Was es heißt, sich ohne Ressourcen selbst verwalten zu müssen, erlebten die iranischen Kurden 1945, kurz nach dem Ende des Zweiten Weltkriegs. Unter dem Schutz der UdSSR war es den Kurden damals gelungen, eine unabhängige Republik, die Republik Mahabad, zu errichten. Die Isolation führte jedoch zu Engpässen in allen Bereichen, von der militärischen Ausrüstung bis hin zu Lebensmitteln. 1946, nur ein Jahr nach der Unabhängigkeitserklärung, wurde Mahabad von iranischen Truppen zurückerobert.
Was blieb, war die Tradition des progressiven Widerstands der Kurden. Anders als im übrigen Iran sind säkulare Positionen in der kurdischen Gesellschaft seit Langem fest verankert. Als 1979 das islamische Regime an die Macht kam, leisteten die Kurden bewaffneten Widerstand. Die neuen Machthaber brauchten zwei bis drei Jahre, um die kurdischen Gebiete unter ihre Kontrolle zu bringen. Doch die Netzwerke des Widerstands bestehen bis heute.
"Die Kurden im Iran sind traditionell besser organisiert. Sie bringen ihre Leute einfach schneller auf die Straße", sagt die Islamwissenschaftlerin Katajun Amirpur über die überdurchschnittliche Aktivität der Kurden in den aktuellen Aufständen.
Oppositionsparteien wie Komala oder die Demokratische Partei Kurdistan-Iran unterhalten eigene Fernsehsender, Internetseiten und Untergrundorganisationen vor Ort. Der Unterschied ist spürbar: Während im iranischen Kernland vor allem die junge Generation rebelliert, beteiligen sich in den kurdischen Städten alle Altersgruppen an den Aufständen.
Die Kurden haben, was der säkularen Demokratiebewegung im übrigen Iran noch fehlt: ein klares Programm, das die Menschen motiviert, nicht nur gegen, sondern für etwas zu kämpfen; und eine Organisation, die in der Lage ist, den kollektiven Wutausbruch in gezielte Aktionen und effektiv koordinierte Straßenproteste umzulenken.
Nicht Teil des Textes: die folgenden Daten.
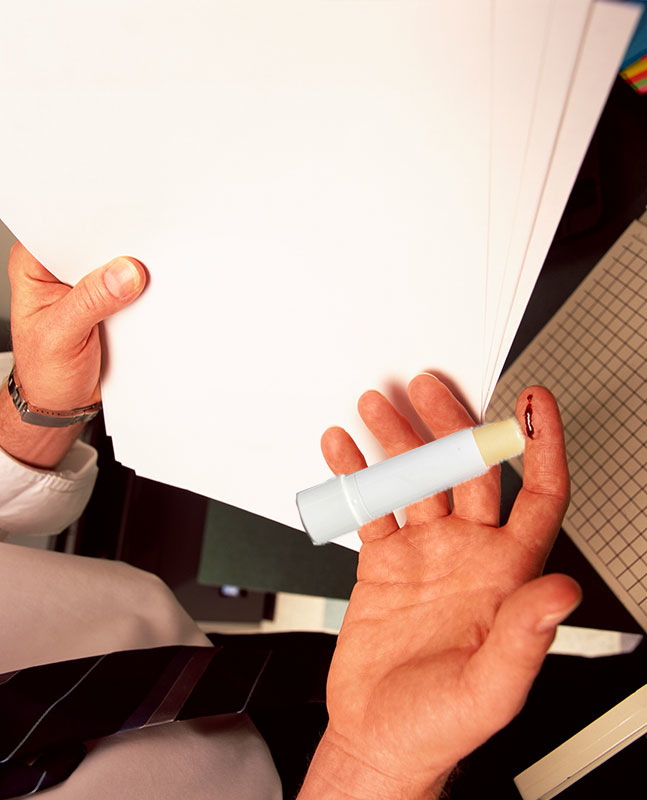 Person holding a marker and flipping through a stack of white papers on a desk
Oder auch, wenn es strategisch sinnvoll ist, sie zu beenden.
Von ihren Kontakten in der Komala-Partei weiß Sidar Mohammadi, dass die Proteste in den kurdischen Gebieten nicht nur wegen des militärischen Vorgehens der Revolutionsgarden vorerst abgeebbt sind. Die Kurden hätten einsehen müssen, dass der Rest des Irans noch nicht für einen echten Massenaufstand bereit sei.
"Bis es so weit ist, müssen wir abwarten, denn gegen die militärische Übermacht der Revolutionsgarden kommen wir alleine nicht an", sagt Mohammadi. Die leeren Straßen in Mahabad und den anderen kurdischen Städten seien deshalb kein Zeichen des Friedens. Eher ein vorübergehender Waffenstillstand.